* Work to complete *
Instruction for the entries that follow: retype exactly the lines from the line with "The Gonzales family: Noel" to the line with "新译林 6BUnit7 Summer", both included, and omit all others.

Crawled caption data
▼
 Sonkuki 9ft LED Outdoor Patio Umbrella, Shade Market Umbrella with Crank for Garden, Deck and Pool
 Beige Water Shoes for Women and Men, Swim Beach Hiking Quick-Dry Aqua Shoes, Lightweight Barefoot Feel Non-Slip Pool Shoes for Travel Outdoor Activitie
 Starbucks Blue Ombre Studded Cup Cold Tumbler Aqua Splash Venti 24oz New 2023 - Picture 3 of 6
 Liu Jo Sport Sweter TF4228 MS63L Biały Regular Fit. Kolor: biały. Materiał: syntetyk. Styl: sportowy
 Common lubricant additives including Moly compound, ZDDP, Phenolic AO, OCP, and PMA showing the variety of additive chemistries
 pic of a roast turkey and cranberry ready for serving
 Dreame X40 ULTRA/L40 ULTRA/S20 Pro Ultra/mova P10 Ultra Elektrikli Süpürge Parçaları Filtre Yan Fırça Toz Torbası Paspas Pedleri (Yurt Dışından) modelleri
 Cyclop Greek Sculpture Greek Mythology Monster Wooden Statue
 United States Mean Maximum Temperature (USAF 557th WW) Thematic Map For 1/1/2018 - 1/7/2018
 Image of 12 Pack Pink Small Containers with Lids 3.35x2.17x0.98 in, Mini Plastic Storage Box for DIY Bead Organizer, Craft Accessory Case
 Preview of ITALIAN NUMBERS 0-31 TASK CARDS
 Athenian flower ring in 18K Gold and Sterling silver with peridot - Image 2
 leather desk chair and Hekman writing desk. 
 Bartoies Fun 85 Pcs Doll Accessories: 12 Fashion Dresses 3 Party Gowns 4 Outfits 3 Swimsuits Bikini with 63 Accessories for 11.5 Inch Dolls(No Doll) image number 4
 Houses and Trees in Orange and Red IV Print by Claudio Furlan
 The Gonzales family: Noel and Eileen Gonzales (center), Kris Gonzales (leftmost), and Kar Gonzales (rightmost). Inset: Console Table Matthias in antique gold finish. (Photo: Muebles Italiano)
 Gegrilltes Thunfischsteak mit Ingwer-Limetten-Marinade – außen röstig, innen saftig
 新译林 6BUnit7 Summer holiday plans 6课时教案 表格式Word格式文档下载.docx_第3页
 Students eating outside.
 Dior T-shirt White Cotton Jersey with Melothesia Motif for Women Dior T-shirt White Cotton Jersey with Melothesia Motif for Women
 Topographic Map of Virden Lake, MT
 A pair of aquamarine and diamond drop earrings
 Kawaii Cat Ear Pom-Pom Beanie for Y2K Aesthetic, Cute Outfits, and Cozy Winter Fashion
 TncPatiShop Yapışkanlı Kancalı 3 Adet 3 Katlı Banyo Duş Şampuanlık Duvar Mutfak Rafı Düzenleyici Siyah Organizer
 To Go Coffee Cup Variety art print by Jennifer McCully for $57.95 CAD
▲
* Task result *
 The Gonzales family: Noel and Eileen Gonzales (center), Kris Gonzales (leftmost), and Kar Gonzales (rightmost). Inset: Console Table Matthias in antique gold finish. (Photo: Muebles Italiano)
 Gegrilltes Thunfischsteak mit Ingwer-Limetten-Marinade – außen röstig, innen saftig
 新译林 6BUnit7 Summer holiday plans 6课时教案 表格式Word格式文档下载.docx_第3页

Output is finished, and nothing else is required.